> [What needs to be done] In this exercise, print only the lines of the records below from the one with "Ролики для пресу" through the one with "IDF. Bouton de", inclusive. Pictures are not part of the copy.

> [Study material]
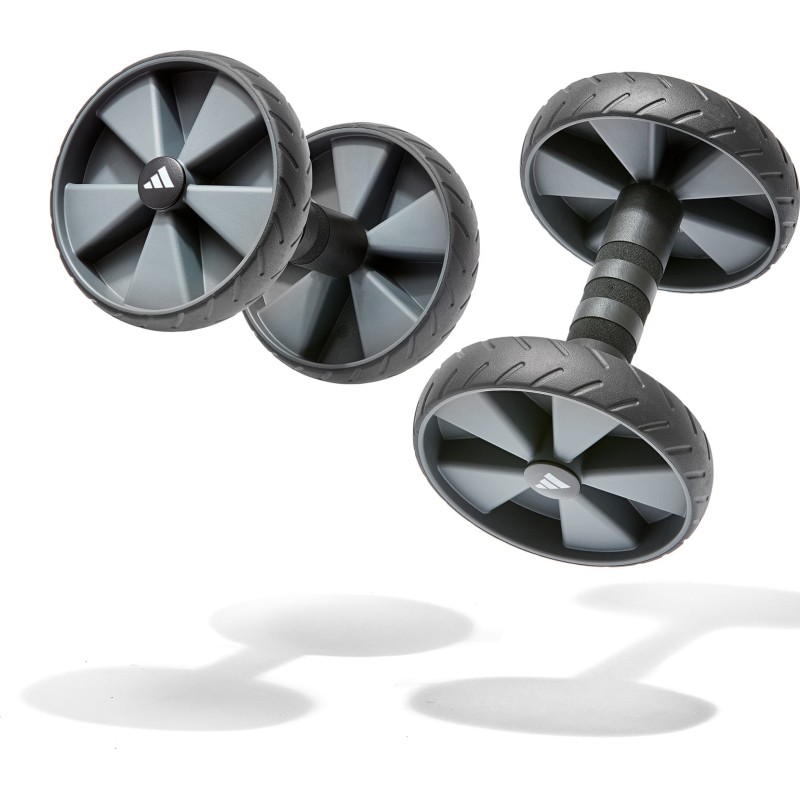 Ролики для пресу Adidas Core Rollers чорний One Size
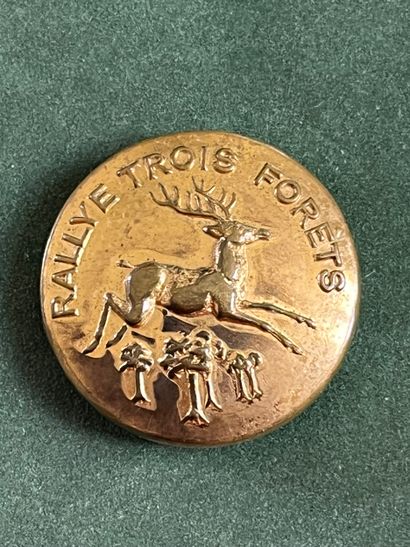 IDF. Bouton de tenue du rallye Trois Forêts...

---

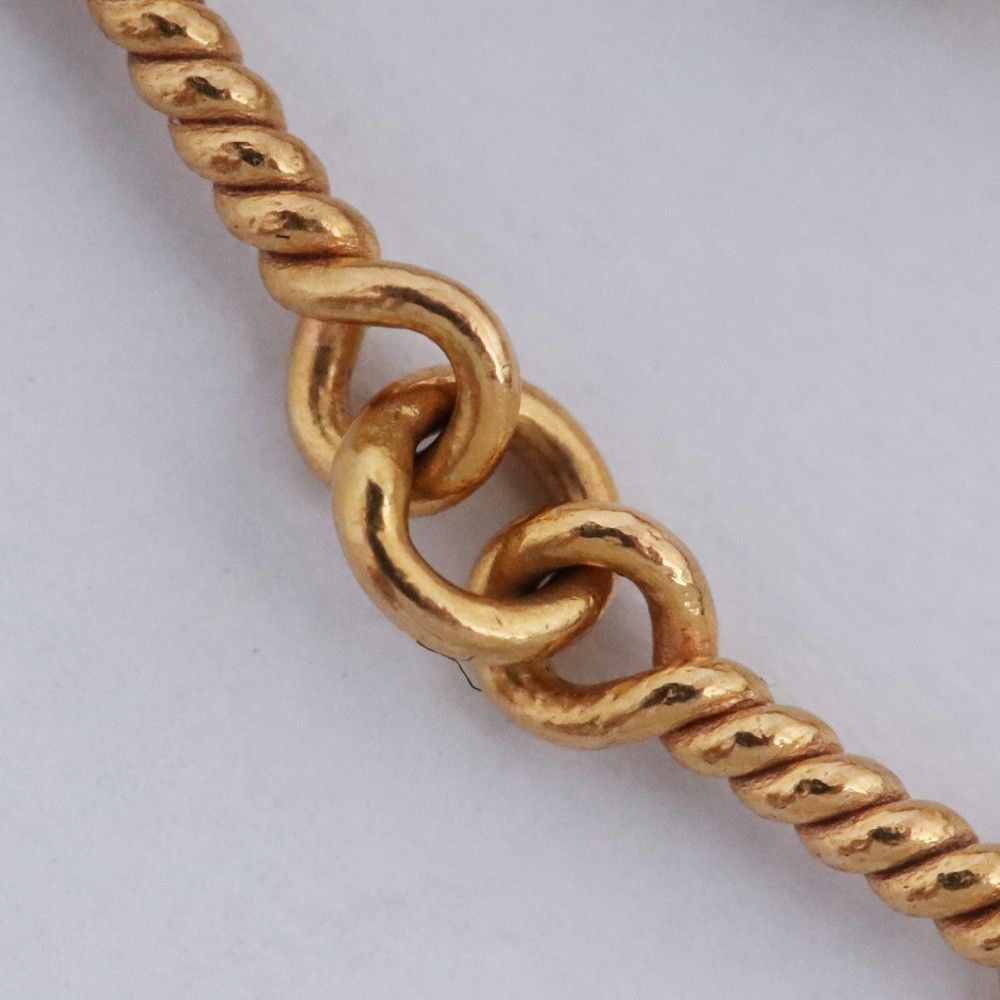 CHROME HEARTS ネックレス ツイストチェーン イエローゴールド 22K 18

> [Solved exercise]
 Ролики для пресу Adidas Core Rollers чорний One Size
 IDF. Bouton de tenue du rallye Trois Forêts...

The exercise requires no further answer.